DATA SUPPLIED:
■ ■ ■ ■ ■

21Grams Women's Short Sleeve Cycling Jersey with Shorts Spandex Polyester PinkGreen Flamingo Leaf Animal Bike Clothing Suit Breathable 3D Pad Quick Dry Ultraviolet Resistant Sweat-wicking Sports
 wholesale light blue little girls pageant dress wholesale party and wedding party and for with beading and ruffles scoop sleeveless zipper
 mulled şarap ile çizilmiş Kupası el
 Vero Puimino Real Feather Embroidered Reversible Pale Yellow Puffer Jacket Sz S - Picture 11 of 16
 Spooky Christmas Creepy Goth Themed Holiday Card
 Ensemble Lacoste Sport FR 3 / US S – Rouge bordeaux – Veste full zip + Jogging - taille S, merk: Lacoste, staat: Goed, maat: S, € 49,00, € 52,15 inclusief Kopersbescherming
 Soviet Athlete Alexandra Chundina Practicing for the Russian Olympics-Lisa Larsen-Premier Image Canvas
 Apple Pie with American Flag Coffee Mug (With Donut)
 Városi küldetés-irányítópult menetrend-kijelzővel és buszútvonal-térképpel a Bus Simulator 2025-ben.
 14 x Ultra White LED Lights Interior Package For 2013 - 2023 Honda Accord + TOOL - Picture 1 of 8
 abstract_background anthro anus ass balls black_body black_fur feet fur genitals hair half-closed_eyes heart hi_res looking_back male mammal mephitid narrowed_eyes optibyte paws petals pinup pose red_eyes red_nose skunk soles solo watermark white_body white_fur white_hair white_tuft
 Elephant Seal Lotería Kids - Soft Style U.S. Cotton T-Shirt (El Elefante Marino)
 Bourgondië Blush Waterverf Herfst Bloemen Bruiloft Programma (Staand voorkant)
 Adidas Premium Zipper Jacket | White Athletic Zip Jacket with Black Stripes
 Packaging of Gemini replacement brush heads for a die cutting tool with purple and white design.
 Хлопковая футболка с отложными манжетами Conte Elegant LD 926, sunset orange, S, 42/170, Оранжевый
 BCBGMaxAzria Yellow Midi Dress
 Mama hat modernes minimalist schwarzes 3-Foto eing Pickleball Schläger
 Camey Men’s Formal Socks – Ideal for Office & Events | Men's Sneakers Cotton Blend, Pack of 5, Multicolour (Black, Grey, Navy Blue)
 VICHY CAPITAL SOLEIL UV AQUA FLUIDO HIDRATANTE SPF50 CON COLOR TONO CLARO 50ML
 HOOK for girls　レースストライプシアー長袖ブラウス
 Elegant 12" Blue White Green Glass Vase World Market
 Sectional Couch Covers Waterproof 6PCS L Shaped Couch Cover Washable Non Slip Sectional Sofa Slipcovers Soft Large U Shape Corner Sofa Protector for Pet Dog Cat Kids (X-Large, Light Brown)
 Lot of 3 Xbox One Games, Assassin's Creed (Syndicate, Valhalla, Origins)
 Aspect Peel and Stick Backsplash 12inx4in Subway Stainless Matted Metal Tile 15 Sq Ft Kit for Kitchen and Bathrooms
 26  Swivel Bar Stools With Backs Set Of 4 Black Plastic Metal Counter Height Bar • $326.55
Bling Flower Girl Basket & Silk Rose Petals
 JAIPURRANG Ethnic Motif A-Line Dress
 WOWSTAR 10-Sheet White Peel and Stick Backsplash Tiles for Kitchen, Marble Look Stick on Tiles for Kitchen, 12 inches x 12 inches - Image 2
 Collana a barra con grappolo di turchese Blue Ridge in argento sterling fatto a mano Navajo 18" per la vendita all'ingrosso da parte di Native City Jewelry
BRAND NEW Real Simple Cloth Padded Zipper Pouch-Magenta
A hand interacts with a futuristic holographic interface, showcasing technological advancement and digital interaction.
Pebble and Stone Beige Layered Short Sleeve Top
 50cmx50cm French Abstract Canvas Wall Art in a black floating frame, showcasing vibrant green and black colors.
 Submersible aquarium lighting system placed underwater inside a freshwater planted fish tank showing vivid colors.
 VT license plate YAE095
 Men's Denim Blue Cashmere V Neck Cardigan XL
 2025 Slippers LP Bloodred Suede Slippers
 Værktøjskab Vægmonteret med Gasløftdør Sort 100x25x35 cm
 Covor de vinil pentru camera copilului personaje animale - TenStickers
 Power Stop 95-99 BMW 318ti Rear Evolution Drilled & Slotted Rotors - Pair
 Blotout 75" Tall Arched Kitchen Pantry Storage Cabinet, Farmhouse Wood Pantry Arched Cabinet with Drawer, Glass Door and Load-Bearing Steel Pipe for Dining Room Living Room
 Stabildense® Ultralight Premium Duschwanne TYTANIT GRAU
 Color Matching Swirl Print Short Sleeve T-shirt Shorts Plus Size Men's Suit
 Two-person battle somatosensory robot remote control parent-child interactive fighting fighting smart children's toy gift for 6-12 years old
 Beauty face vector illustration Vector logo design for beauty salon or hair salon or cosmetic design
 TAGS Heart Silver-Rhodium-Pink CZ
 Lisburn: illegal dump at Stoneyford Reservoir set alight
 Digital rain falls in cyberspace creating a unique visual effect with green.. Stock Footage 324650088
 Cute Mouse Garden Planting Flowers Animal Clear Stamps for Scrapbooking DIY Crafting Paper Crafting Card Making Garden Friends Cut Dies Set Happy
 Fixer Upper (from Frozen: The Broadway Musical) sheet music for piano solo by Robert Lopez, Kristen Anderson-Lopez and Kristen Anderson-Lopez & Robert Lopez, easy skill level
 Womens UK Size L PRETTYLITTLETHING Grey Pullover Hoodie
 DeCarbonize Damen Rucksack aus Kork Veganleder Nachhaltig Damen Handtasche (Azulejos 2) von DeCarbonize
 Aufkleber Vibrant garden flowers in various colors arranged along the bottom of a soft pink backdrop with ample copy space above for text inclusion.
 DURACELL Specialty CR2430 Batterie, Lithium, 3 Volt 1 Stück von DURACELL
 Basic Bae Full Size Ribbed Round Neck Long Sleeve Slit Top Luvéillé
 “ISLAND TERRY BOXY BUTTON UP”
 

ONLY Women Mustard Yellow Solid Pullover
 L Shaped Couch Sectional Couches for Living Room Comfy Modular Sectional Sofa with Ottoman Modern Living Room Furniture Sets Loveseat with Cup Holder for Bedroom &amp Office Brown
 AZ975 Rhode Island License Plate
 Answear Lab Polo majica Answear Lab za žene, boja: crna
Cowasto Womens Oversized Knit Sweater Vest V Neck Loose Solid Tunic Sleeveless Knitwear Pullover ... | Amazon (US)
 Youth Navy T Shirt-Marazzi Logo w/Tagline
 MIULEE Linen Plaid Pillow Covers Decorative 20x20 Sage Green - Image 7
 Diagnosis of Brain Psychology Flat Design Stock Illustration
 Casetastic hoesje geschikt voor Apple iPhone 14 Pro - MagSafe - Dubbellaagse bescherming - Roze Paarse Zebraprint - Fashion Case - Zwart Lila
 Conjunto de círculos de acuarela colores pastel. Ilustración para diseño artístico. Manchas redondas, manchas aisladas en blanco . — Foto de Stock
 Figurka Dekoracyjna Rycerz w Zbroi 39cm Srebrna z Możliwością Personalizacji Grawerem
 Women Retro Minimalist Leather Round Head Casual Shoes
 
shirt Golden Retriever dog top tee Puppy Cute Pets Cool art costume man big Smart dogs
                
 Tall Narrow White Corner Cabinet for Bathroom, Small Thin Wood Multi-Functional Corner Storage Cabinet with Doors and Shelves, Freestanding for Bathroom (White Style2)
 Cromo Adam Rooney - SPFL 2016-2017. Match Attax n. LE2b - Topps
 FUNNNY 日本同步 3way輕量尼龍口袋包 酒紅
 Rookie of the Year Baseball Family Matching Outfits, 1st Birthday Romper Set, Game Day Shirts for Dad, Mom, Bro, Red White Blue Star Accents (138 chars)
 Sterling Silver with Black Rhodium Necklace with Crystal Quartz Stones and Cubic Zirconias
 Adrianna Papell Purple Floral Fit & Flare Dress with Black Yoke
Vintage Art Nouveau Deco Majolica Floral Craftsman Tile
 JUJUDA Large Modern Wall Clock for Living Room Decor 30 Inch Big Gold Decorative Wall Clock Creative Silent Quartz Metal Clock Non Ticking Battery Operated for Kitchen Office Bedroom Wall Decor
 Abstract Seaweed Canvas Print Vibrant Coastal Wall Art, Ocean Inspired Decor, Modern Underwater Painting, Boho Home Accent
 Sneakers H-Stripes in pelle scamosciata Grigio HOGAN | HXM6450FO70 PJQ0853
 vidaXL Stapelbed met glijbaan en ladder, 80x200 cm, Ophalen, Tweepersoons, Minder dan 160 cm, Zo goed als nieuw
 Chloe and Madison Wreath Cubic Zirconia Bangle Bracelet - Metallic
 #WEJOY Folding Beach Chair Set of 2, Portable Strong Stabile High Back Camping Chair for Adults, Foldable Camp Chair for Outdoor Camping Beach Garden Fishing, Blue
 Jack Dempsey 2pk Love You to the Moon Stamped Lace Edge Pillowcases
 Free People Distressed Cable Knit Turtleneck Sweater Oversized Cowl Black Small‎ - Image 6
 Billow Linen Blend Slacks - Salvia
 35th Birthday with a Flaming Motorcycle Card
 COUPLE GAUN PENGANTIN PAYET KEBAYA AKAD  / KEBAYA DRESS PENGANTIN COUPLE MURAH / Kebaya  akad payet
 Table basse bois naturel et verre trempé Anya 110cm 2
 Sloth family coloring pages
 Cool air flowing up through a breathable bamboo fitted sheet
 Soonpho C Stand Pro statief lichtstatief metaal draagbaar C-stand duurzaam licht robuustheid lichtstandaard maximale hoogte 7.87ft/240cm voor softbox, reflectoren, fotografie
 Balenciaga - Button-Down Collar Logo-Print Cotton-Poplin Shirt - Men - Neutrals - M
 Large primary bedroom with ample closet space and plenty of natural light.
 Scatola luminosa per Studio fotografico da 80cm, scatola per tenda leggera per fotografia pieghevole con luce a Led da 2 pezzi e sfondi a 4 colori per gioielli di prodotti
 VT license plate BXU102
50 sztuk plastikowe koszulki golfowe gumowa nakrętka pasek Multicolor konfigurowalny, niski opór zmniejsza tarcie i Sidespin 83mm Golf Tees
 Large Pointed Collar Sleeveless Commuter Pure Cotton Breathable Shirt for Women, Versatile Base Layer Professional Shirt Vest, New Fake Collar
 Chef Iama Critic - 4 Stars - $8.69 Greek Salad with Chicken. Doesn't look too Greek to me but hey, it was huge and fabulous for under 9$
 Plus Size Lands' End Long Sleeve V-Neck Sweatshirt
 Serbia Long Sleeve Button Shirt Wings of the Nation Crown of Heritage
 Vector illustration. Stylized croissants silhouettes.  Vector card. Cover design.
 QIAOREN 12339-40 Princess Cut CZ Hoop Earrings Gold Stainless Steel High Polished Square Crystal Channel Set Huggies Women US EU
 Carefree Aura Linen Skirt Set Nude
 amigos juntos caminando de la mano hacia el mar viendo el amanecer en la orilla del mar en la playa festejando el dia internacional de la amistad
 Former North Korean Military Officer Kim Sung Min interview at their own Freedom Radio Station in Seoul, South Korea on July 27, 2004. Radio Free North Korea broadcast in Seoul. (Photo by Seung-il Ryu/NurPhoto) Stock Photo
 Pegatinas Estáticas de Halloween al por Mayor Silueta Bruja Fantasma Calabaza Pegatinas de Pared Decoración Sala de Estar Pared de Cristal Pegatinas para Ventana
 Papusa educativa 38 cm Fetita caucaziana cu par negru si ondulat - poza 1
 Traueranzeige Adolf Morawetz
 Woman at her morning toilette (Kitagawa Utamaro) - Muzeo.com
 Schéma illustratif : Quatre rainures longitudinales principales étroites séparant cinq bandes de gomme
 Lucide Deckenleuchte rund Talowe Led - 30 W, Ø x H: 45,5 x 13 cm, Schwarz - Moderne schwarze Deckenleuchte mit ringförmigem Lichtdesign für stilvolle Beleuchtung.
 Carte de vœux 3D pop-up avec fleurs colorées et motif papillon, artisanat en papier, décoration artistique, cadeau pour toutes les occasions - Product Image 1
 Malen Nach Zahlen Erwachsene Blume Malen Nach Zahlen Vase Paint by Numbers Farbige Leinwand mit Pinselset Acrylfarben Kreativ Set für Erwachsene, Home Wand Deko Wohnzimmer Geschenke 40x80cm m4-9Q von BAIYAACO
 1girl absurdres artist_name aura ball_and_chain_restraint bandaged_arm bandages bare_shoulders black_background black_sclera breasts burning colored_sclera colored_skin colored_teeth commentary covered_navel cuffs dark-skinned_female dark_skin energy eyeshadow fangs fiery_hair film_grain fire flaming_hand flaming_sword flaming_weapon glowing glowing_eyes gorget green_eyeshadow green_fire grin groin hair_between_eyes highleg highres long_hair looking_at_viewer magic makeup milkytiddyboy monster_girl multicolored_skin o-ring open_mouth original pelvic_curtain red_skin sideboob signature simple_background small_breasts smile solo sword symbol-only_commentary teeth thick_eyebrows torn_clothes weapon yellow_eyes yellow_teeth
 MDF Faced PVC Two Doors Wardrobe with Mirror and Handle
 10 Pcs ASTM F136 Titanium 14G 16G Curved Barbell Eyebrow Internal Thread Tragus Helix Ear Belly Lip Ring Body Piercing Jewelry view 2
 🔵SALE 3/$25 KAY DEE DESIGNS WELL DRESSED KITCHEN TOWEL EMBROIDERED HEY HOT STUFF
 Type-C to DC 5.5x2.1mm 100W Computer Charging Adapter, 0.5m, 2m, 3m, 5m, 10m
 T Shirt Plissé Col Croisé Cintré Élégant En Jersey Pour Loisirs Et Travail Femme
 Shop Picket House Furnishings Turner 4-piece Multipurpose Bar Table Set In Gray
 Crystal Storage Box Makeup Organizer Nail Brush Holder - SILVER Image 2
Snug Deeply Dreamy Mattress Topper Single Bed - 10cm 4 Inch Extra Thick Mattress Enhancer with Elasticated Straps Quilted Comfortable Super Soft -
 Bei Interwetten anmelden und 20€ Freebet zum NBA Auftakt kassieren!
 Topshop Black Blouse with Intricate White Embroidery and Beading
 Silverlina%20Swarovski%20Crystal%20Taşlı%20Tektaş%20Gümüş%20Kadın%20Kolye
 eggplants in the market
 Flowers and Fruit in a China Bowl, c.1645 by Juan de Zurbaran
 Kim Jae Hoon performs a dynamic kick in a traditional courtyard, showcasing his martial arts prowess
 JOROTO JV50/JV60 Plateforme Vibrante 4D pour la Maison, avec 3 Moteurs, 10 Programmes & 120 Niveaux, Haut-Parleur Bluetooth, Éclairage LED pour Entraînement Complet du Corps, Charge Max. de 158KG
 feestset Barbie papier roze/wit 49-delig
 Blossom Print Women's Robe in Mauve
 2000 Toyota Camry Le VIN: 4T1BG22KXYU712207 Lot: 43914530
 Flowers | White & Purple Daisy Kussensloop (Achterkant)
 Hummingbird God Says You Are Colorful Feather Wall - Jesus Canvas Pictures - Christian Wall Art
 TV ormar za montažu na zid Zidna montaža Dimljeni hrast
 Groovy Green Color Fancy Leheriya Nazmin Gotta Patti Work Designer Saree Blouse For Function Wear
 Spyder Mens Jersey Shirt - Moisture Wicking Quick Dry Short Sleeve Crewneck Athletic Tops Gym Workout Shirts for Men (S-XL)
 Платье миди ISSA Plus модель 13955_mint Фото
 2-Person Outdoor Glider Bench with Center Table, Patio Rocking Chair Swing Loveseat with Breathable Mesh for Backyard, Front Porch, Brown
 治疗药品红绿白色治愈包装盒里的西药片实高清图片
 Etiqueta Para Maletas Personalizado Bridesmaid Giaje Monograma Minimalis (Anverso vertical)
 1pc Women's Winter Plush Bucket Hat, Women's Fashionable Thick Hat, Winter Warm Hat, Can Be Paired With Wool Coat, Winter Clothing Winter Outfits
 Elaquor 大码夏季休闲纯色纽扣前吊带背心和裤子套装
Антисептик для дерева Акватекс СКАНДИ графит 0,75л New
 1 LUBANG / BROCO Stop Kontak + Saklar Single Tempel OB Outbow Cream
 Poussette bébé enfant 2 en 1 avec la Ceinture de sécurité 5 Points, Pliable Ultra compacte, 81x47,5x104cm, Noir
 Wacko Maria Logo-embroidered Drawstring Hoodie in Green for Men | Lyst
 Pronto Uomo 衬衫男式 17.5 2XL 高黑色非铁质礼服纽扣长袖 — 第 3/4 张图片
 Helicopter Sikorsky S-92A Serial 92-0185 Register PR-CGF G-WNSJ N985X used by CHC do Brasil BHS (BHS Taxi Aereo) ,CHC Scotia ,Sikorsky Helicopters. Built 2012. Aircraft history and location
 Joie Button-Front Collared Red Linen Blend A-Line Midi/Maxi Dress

■ ■ ■ ■ ■

TASK DETAILS: Beginning with the line holding "10 Pcs ASTM" and ending with the line holding "HEY HOT STUFF", write out the stretch of material above exactly; add no further lines.

SOLUTION TO THE PROBLEM:
 10 Pcs ASTM F136 Titanium 14G 16G Curved Barbell Eyebrow Internal Thread Tragus Helix Ear Belly Lip Ring Body Piercing Jewelry view 2
 🔵SALE 3/$25 KAY DEE DESIGNS WELL DRESSED KITCHEN TOWEL EMBROIDERED HEY HOT STUFF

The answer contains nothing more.